お道では、神様が定めたこの世の摂理を「理」と表現します。信仰者は理に即した生き方を心がけ、そのため教理を深く学ぶことが求められます。ところが、時に私たちは、自分の解釈による“教理”を定規のように自身や他者にあてて、その是非を判断することがあります。天理に即して生きようとする姿勢は、教理に照らして物事を見る目を養いますが、その際、自身や他者の心を顧みないのであれば、その眼差しは冷徹なものになるでしょう。
1953年、人類史上、最も重要な科学論文の一つが発表されました。わずか2ページのこの論文は、その後の生命科学を決定づけます。DNAの二重螺旋構造の解明。この二重螺旋により、片方が欠損しても、もう一方のデータで欠損部が復元されるのです。いわゆる“生命の設計図”、DNAの驚くべき神秘です。

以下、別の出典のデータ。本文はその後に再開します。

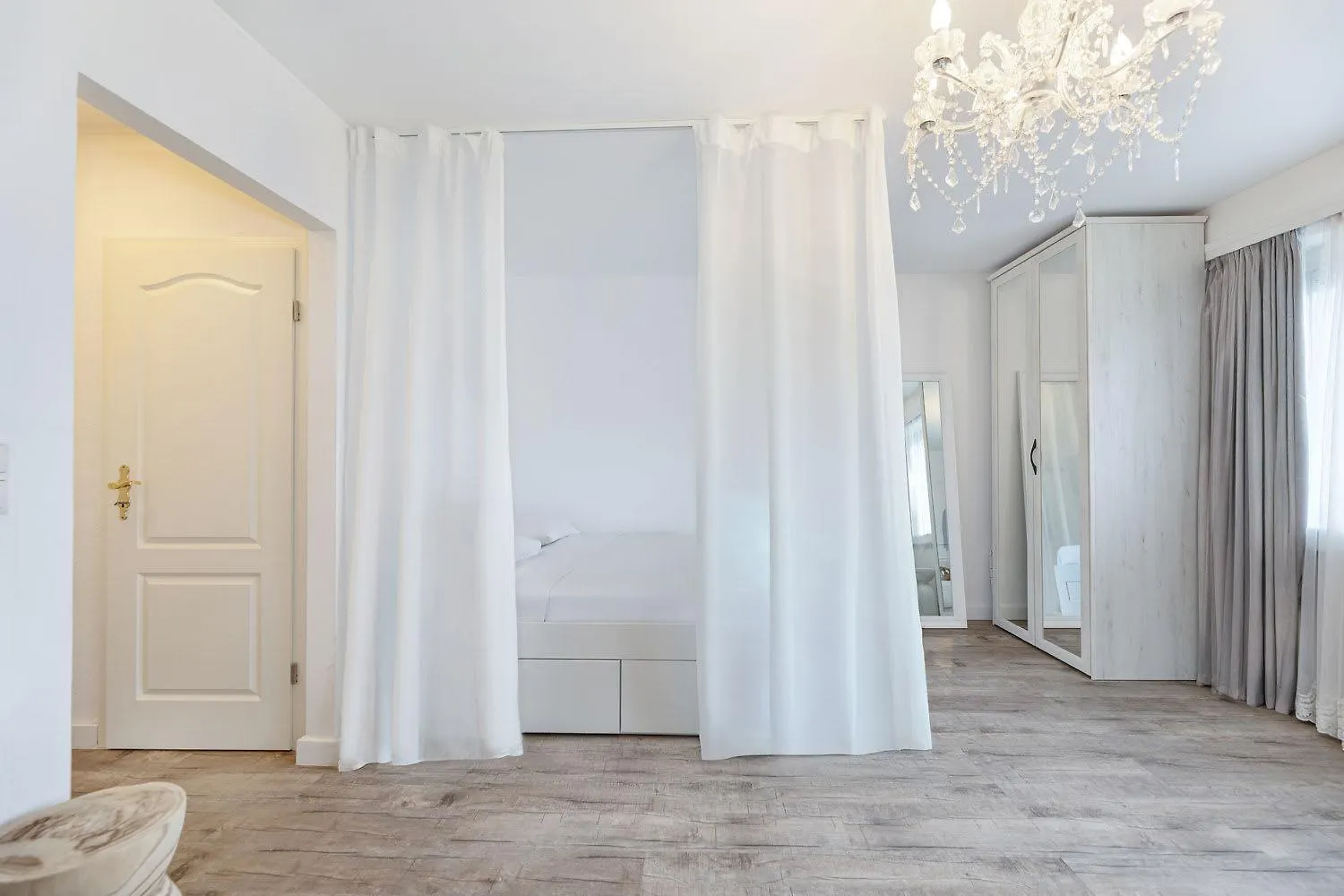 Cozy Limpertsberg Studio With Balcony Luxembourg Apartment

僕は思う。原初、親神が世界の混沌たるさまを味気なく思召し、人間の陽気ぐらしをするのを見て共に楽しもうと思いつかれた。それは、私たちが言うところの「情」の働きではないか。元の親が思われた味気ないという心情、陽気ぐらしを見たいという情動、その「情」が、陽気ぐらしという壮大な構想のもと、親神の働きの道筋となってこの宇宙を覆った。それが「理」ではないか。神がこの世界を創めた思いは、まず原初の親心にあり、それは合理性の彼方にある、と。
親の情に基づく世界の基本設計を天の理とするならば、理と情はDNAの二重螺旋のように不可分の対、二つで一つなのかもしれません。世界は理と情で編まれている。そんな夢想を僕は生きています。